2. So far as the question of allowable costs be concerned, the starting point is r.365 of the District Courts Rules which provides that the fees to be allowed to a solicitor for acting on behalf of a party to an action in the Court shall be according to the Schedule of Scale of Fees and Costs to those Rules. That Schedule proceeds by way of a numbered series of items, each of which relates to a particular step which may be taken and with respect to which the maximum amount to be allowed on taxation is then set out. Items 24 and 27 fall within a series of items under the subheading “Instructions”.
3. Item 24 applies if an action is settled and no amount is allowed under item 27. It permits an allowance to include: (a) allowances for instructions to settle and all attendances on, and correspondence with, the party and the party's witnesses; and (b) all necessary work and perusals in connection with the settlement, and briefs to counsel in regard to settlement. That allowance (excluding any necessary out of pocket expenses which may be allowed) is to be not more than $916.50 on the present Scale.
4. Item 24 also recognises that, in a particular case, that allowance may not be a sufficient indemnity to the party. Sub item (4) provides:
“If because of special circumstances, a party considers that the maximum allowance under sub item (2) is not enough for the work actually done, the party may apply to a Judge to certify to the registrar or taxing officer that the registrar or taxing officer may allow a higher amount that the registrar or taxing officer considers proper in the circumstances.”
5. Item 27 applies to instruction for brief to counsel including: (a) all attendances on, and correspondence with, the party and the party's witnesses; and (b) all necessary perusals and work in connection with the preparation for hearing. The amount which may be allowed (excluding any necessary out of pocket expenses which may be allowed) is not more than $2,707.50 on the present Scale.
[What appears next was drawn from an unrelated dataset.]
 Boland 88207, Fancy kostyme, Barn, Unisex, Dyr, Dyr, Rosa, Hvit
6. Item 27 also recognises that, in a particular case, that allowance may not be a sufficient indemnity to the party. Sub item (3) provides:
“If because of special circumstances, a party considers that the maximum allowance under sub item (1) is not enough for the work actually done, the party may apply to the trial Judge at or after the trial to certify to the registrar or taxing officer that the registrar or taxing officer may allow a higher amount that the registrar or taxing officer considers proper in the circumstances.”
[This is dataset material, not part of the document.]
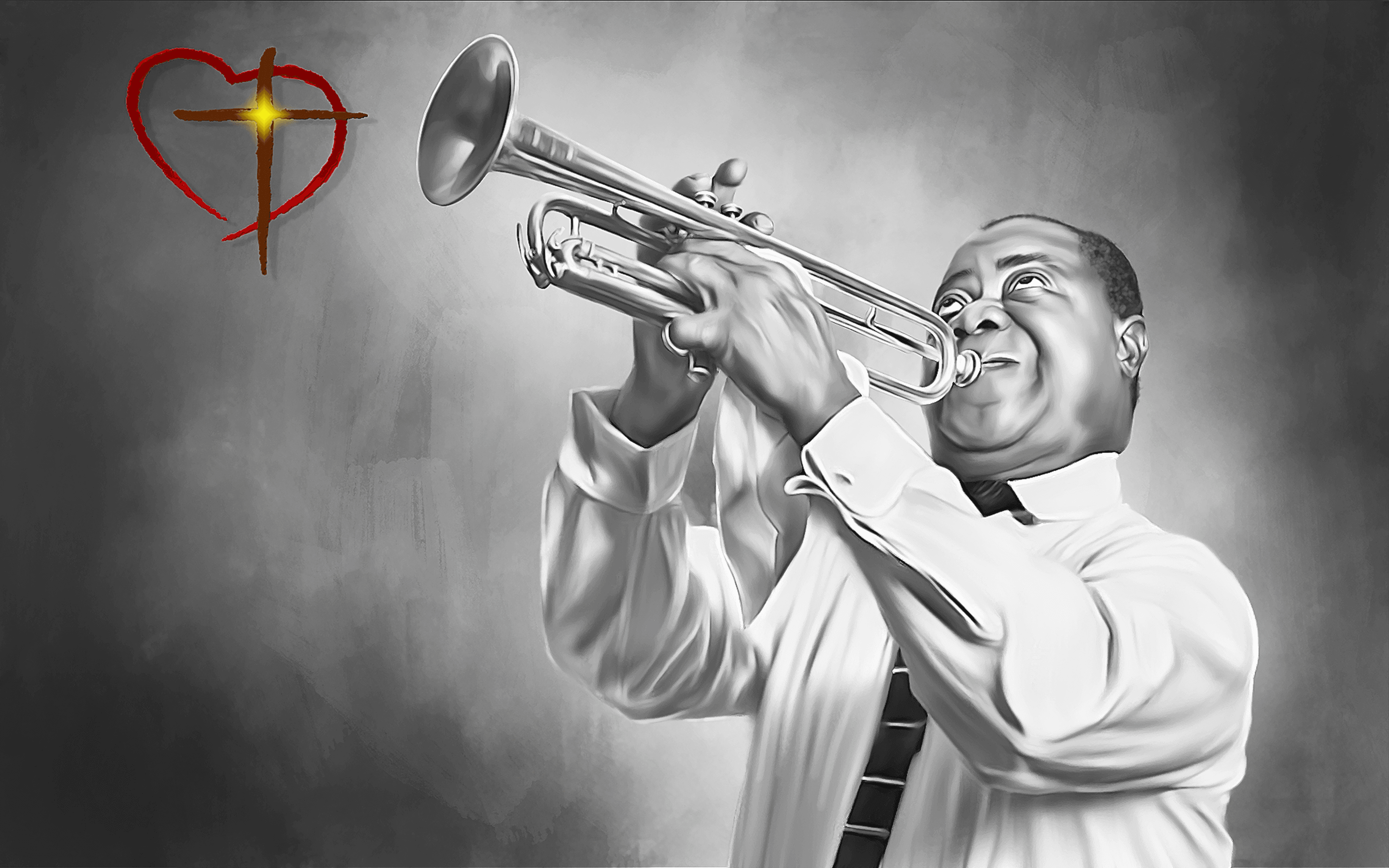 Louis Armstrong When the Saints Go Marching In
7. The grant of such a certificate does not assure the applicant party an allowance of a higher amount than is prescribed by either item 24 or item 27. It merely allows that to be done if the registrar or taxing officer considers that the circumstances are such that it is proper to do so. In the end so much may be taxed off the bill of costs that the final allowance does not exceed the maximum amount prescribed. The question on this application is as to what are the “special circumstances” which the applicant party has to show to lead to the grant of such a certificate. A judicial certificate does not usurp the discretion of the taxing officer.
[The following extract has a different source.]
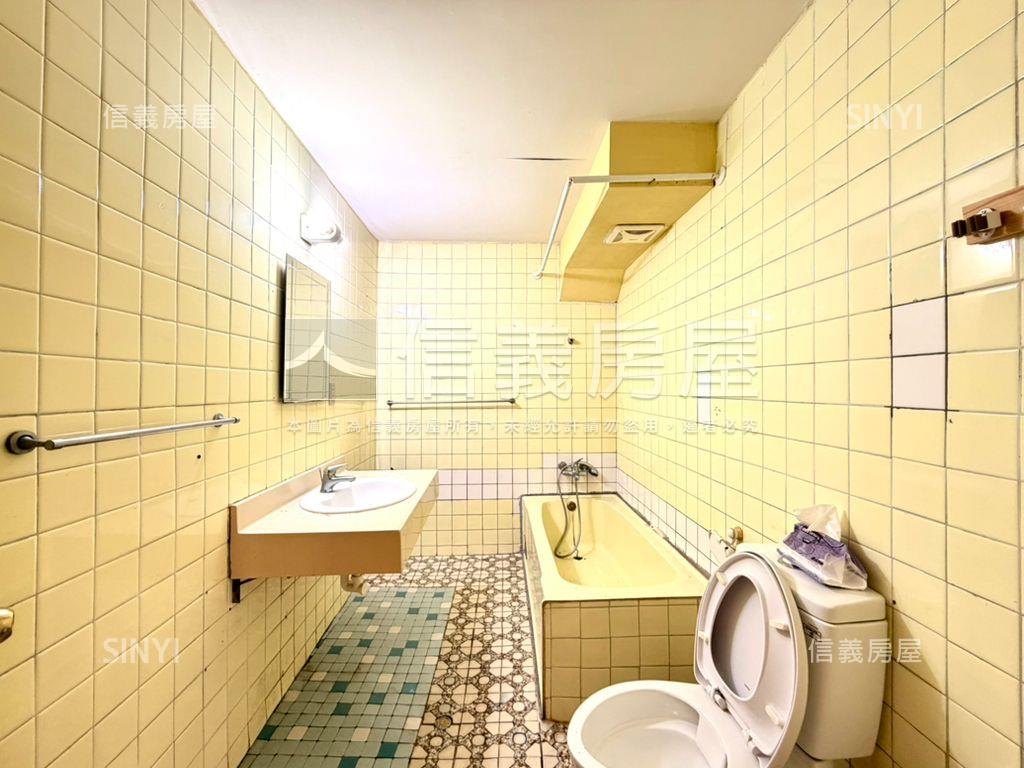 花園新城庭園美屋房屋室內格局與周邊環境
8. The phrase “special circumstances” is often found in legislation or subordinate legislation.
9. With respect to costs and taxation, the phrase appeared in the last paragraph of s.25 of The Costs Act of 1867 (now s. 8 (3) of the Legal Practitioners Act 1995) in relation to a reference of a bill of costs to taxation only “under special circumstances to be proved to the satisfaction” of a Judge of the Supreme Court. The phrase also appeared in s. 33 of The Costs Act of 1867 (now s. 16 (1) of the Legal Practitioners Act 1995) under which a bill of costs which has been paid can only be referred to taxation “if the special circumstances of the case” require it. The case law which has dealt with those, and comparable, provisions provide no guidance to the meaning of “special circumstances” in items 24 and 27 of this Court's Schedule. However, in Re Norman (1886) 16 Q.B.D. 673 at p 677, Lopes L.J. observed:
“Those are wide, comprehensive, and flexible words, and I think that no court can or ought to lay down any exhaustive definition of them. It is for the discretion of the judge to say what an special circumstances in a particular case.”
10. In R. v Moffitt (1990) 20 N.S.W.L.R 114 at p 115, Samuels J.A. said of “special circumstances” in s.5 of the N.S.W. Sentencing Act 1989:
“It is unnecessary to attempt a comprehensive definition of ‘special circumstances”; but the general character and scope of the phrase is determined by the statutory context of both language and purpose in which it appears.”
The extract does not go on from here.